Among patients with nonvalvular atrial fibrillation, anticoagulation that results in an INR of 2.0 or greater reduces not only the frequency of ischemic stroke but also its severity and the risk of death from stroke. Our findings provide further evidence against the use of lower INR target levels in patients with atrial fibrillation.

Media in This Article

Figure 1Kaplan–Meier Estimates of Survival in the 30 Days after an Ischemic Stroke among Patients with Nonvalvular Atrial Fibrillation, According to the Antithrombotic-Medication Status at Admission.
Table 1Clinical Characteristics of 596 Patients with Nonvalvular Atrial Fibrillation Who Had an Ischemic Stroke, According to the Antithrombotic-Medication Status at Admission.
Article

Nonvalvular atrial fibrillation increases the risk of ischemic stroke by a factor of five, presumably by an atrioembolic mechanism.1-4 Such cardioembolic strokes are more severe than other types of ischemic stroke.5-8 Consistent with these observations are data from numerous population-based studies showing that mortality rates are higher for strokes associated with atrial fibrillation.9-15 Randomized trials have shown that warfarin is highly effective in preventing stroke in patients with atrial fibrillation, most likely by minimizing the formation of atrial thrombi.4,16,17 The full efficacy of anticoagulation is seen only at an international normalized ratio (INR) of 2.0 and above.18,19 Although the effect of oral anticoagulants on the frequency of stroke is clear, their effect on the severity of stroke and stroke-related mortality among patients with atrial fibrillation has been less well studied.8,20 In particular, the effect of the INR on the severity of stroke in such patients is unknown. We assessed the effect of the intensity of anticoagulation on the severity of ischemic stroke and on the 30-day mortality rate after stroke in a large cohort of patients with nonvalvular atrial fibrillation. We also determined the rates of ischemic stroke and intracranial hemorrhage according to the intensity of anticoagulation to help physicians and patients make better-informed decisions regarding optimal INR values.

Methods

Study Population

The study cohort has been described previously.21 We identified all patients 18 years or older enrolled in Kaiser Permanente of Northern California, a large, integrated health care system, who had nonvalvular atrial fibrillation between July 1, 1996, and December 31, 1997. Nonvalvular atrial fibrillation was identified on the basis of physician-assigned diagnoses of atrial fibrillation during a routine visit (International Classification of Diseases, 9th revision, Clinical Modification [ICD-9-CM], code 427.31), electrocardiographic data bases, or both.22 Patients with diagnosed mitral stenosis or heart-valve repair or replacement, transient perioperative atrial fibrillation, or recent hyperthyroidism were excluded. The final cohort included 13,559 patients.
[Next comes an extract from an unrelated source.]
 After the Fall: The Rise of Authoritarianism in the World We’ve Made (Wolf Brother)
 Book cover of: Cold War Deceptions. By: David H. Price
Definition and Identification of Events

From each patient's index date through August 31, 1999, we identified ischemic strokes by searching comprehensive automated hospitalization and billing-claims data bases for primary ICD-9-CM discharge diagnoses for ischemic stroke (codes 433.00 to 433.01, 433.10 to 433.11, 433.20 to 433.21, 433.30 to 433.31, 434.00 to 434.01, 434.10 to 434.11, 434.90 to 434.91, and 436.0).22 Medical records were reviewed by a clinical-outcomes committee of three physicians using a formal protocol. Cranial computed tomographic scans or magnetic resonance imaging studies (or both) were available for 98 percent of the patients. A validated ischemic stroke was defined as a neurologic deficit of sudden onset that persisted for more than 24 hours, corresponded to a vascular territory in the absence of primary hemorrhage, and was not explained by other causes (e.g., trauma, infection, or vasculitis). Patients with strokes that occurred during hospitalization or as a complication of a procedure were excluded. Patients who were evaluated in the emergency room and then discharged were included if there was evidence that the neurologic deficit had persisted for more than 24 hours. All events had to be independently verified by two committee members. Disagreements were resolved by a consensus of all three committee members. Any remaining disagreements were adjudicated by a consulting neurologist.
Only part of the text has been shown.